There have been strong rumours of arguments at the top of the judiciary about the application of costs management, and this decision is being seen as watering it down – especially as it was piloted in the TCC and Mercantile Courts.
Rani Mina, a partner at City firm Mayer Brown, said: “It is extraordinary that the judiciary has waited until this late stage to announce a major shift in policy on costs management. Many law firms will have spent much time and effort getting ready for implementation of the new rules on 1 April. Whilst that effort will not be wasted, the work that has been done is tailored to the new rules and may well have been approached somewhat differently.
“Many will now be wondering whether the judiciary remains committed to full implementation of the other significant reforms due to take effect from 1 April.”
There were many complaints on Twitter yesterday as the news came out. Leading e-disclosure expert Chris Dale said he saw the move as judges wriggling out of their duties, while Gerard McDermott QC said it was difficult to see the rationale for it.
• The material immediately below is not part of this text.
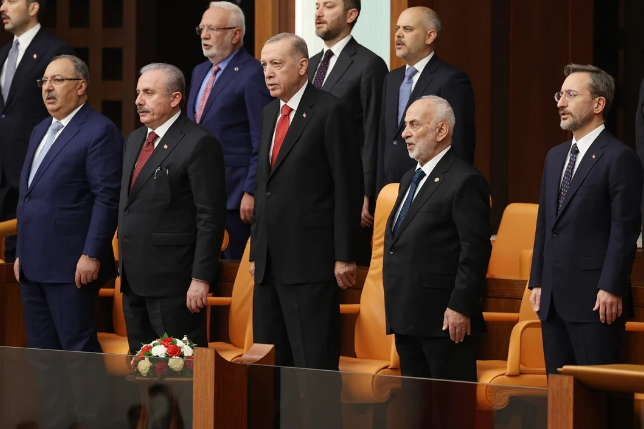 Pamje nga hapja e Asamblesë së Madhe Kombëtare të Turqisë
Mr McDermott also questioned the implication that personal injury (PI) claimants were less important – a £6m PI claim will be “cost capped” in the Queen’s Bench Division, but not a £2.5m claim for property damage in the TCC – and voiced concern that “another effect of no controls in commercial cases may be to incline many talented lawyers away from PI”.
Leading costs expert Kerry Underwood was highly critical, asking: “In what other walk of life would you project manage only smaller plans? Rich exempt again.”